Exactly. Which means they're limited to selling low level planet farmed items or drops with prohibitive GTN privileges, reselling CM purchases made with achievement coins ... and completing 5 WZs, 3 FPs and 3 SMs a week to get their credits with a 200k credit cap to hold it all. Their earning 500K credits a day is therefore impossible without multi-boxing multiple accounts that take shifts farming and selling, or using an auto-farm bot with a credit cap hack. In 2+ years I have yet to see a farm bot. Likely because the addon APIs are off limits to outsiders. A fair trade for not having addons imho.

 

Speaking of trade, F2P can't send in-game mail or engage in trading either. So after their website takes your money, who in-game physically delivers your $1M? An F2P account that is incapable of trading and can't possess more than 200K credits at a time?

 

It's a trap!

 

Overhead numbers game

You mentioned cred sellers don't have overhead. Assuming an average of 500K credits per day was somehow earnable even with all of the F2P restrictions, and considering the typical spam-advertised rate is $8/1million credits, it would take one farmer 2 full 8-hour work days to cover a single sale. $8 in gross revenue for 16 hours of work equates to a whopping 50¢ an hour.

 

At 50¢ an hour they can't afford to undercut anything - even if everything was free: the computer(s) they work on, the bandwidth they work through, the space they work in, the website they promote (and the IT staff required to maintain it) the EFT payment processing system they use to physically take a customer's money (including all banking, payment gateway and transaction fees), the network they use to connect it all, the electricity they use to power it all, etc.

 

They have plenty of overhead; and that 50¢ an hour won't cover expenses and support the worker too, regardless of what country they operate from.

 

I'm taking an awful risk Vader...

So their end game deduces to the acquisition of some sorry sap's credit card or game account information in the hopes of hitting the "account without a Security Key" mother lode.
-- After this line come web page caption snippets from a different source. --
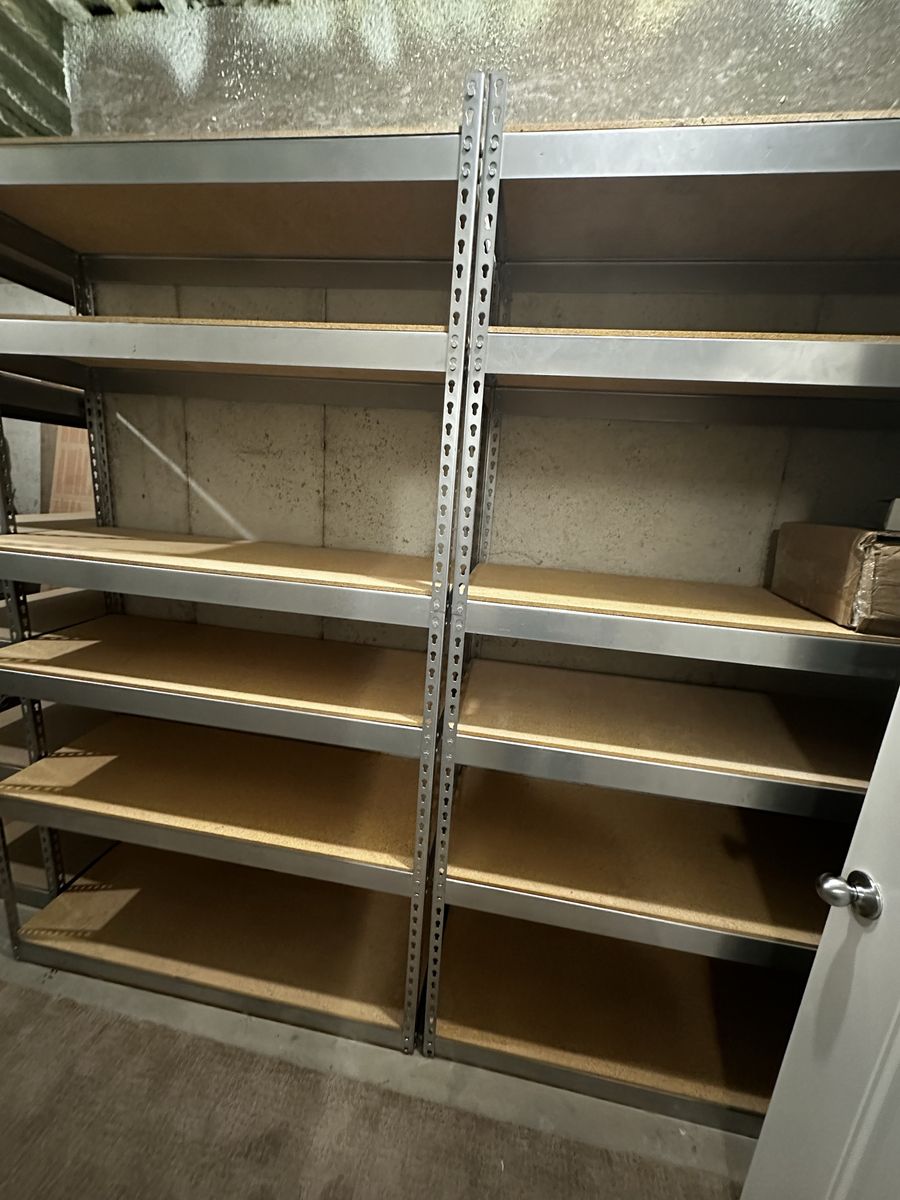 Heavy Duty Metal Storage Shelving Unit with Wooden Shelves
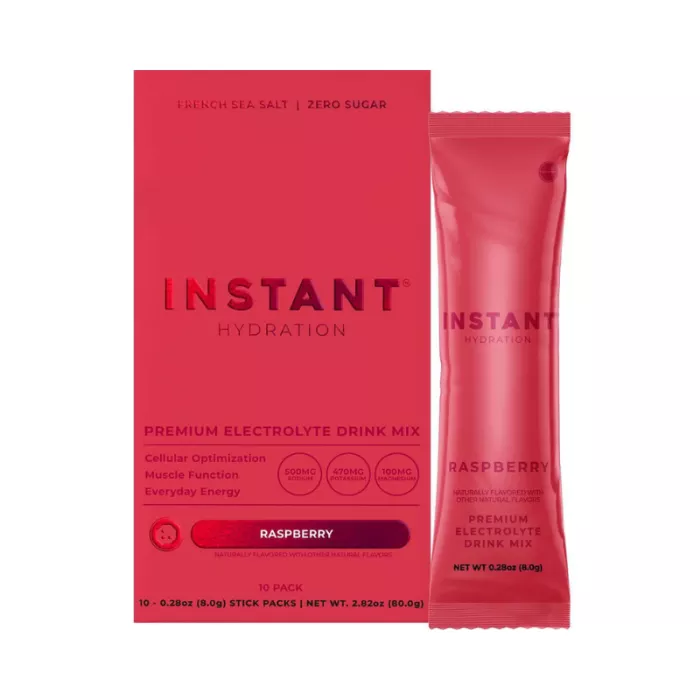 Instant Hydration, Premium Electrolyte Drink Mix, Electroliti Cu Aroma De Zmeura, 1plic, 8 G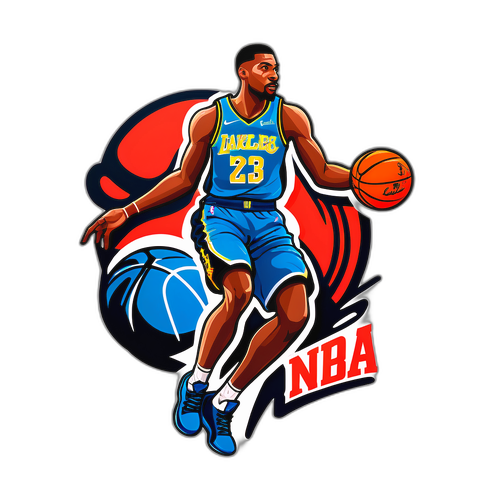 NBA運動員跳躍貼紙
By hacking into an account they could sell everything that every toon in that player's account has, steal whatever personal information they can from the burgled account then launder the returns in game across multiple accounts before disappearing.

 

The mother lode part comes from logging into the hacked account (subs are the big target) and purchasing CM items and packs with the hacked account's credit card, then reselling those items in-game for major credits (likely a big reason why there is a 2-day cooldown in C-pack items going BoE) as well as robbing guild banks on all guilded characters.

 

An ounce of prevention

This is why I have a security key. This is also why our guilds have multiple levels of membership between recruit and officer. The lowest level members & recruits do not have gbank withdrawal privileges. The higher level members and above do, but must show proof of security key ownership before they are so privileged. We do this by having them physically drag & drop a security key vendor Fleet Pass into a trade window, which is easily distinguishable from the CM's Fleet Travel Pass.

 

If I see a fire sale on a pricey item on the GTN, I don't get greedy and buy it - I report it immediately. In real life I avoid counterfeit goods because their revenue trails have been traced to organized crime and terrorist organizations. I stay away from credit sellers similarly because I don't see how they can legitimately stay in business. Anyone with half a brain doesn't need a terms of service agreement to tell them that offering up their credit card information to these people is stupid, if not outright dangerous.

 

Even operating as a sweatshop, account theft is how they make their money - and they won't go away until they are made to go away. Sorry, but I find defending credit sellers on any level to be complicit.